Dos primeiros rascunhos às técnicas digitais, o cinema de animação atravessa mais de um século de transformações estéticas e narrativas que refletem mudanças sociais, culturais e tecnológicas


Por: João Henrique e Vitor Pepino

Última atualização: 04/09/2025


Clássico da animação Willie do Barco a Vapor - Revista Digital Galileu/Reprodução
Clássico da animação Willie do Barco a Vapor - Revista Digital Galileu/Reprodução

Dos primeiros traços desenhados até as paisagens digitais que hoje são similares à realidade, o cinema de animação percorreu um caminho marcado tanto pela inovação técnica quanto pela ousadia estética. Mais do que acompanhar avanços tecnológicos, cada nova geração de animadores reinventa a forma das narrativas, expandindo a linguagem visual e contestando a ideia de que a animação se limita ao público infantil. O contraste entre produções do século XX e do presente destaca, além da evolução técnica, a diversidade de histórias que refletem questões sociais, culturais e existenciais.


Obras como Pinóquio (1939) marcaram a consolidação da animação como arte cinematográfica, com cenários pintados manualmente e com uma narrativa moralizante que refletia a tradição dos contos de fadas. Mais tarde, a era digital substitui o traço manual pelo CGI (imagens geradas por computador) por meio de produções como Toy Story (1995), considerado o pioneiro da técnica. Hoje, as animações continuam explorando a verossimilhança proporcionada pela natureza 3D e estilos híbridos, a exemplo de Klaus (2019) e Robô Selvagem (2024).


O conjunto de características atuais do universo animado demonstra que essas produções podem assumir múltiplas formas. É uma relação de diálogo entre o passado e o presente, já que há uma ponte que liga a tradição e a inovação.

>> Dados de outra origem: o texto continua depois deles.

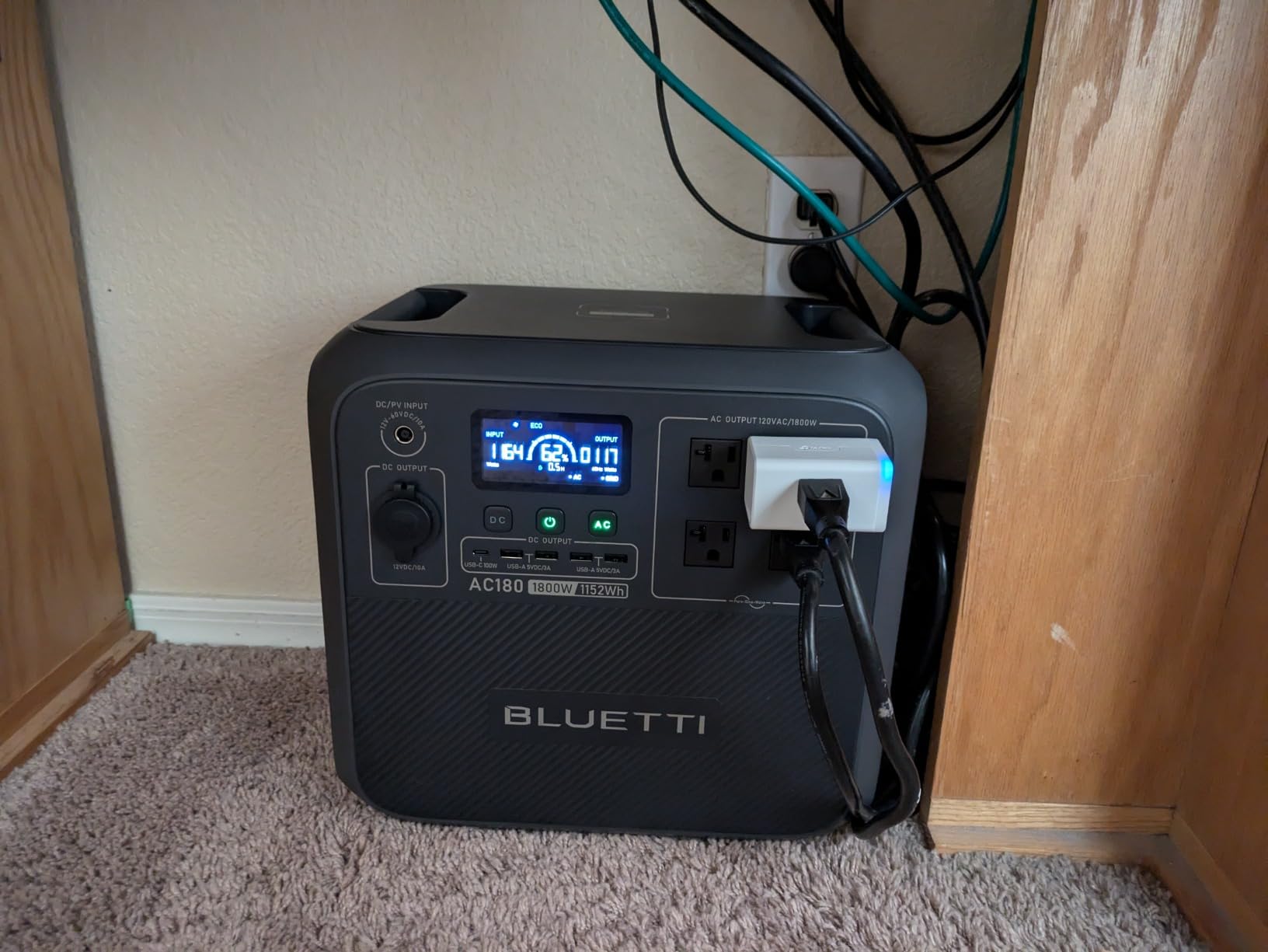 BLUETTI AC180 Portable Power Station 1152Wh 1800W LiFePO4 Solar Generator, Battery Backup w/ 4 1800W (2700W Peak) AC Outlets, 0-80% in 45Min, Fast Charge LFP Power for Camping, Off-grid, Power Outage customer photo 2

A origem da animação no cinema remonta a quando técnicas de desenho quadro a quadro começaram a criar ilusão de movimento em tela. O curta Humorous Faces of Funny Faces (1906), de J. Stuart Blackton, exibiu figuras apresentadas em quadro negro que se moviam em pequenas ações, sendo considerado o pioneiro das animações no cinema. Pouco tempo depois, a obra francesa Fantasmagorie (1908), com traços brancos simples sobre um fundo preto, é tida como a primeira animação tradicional.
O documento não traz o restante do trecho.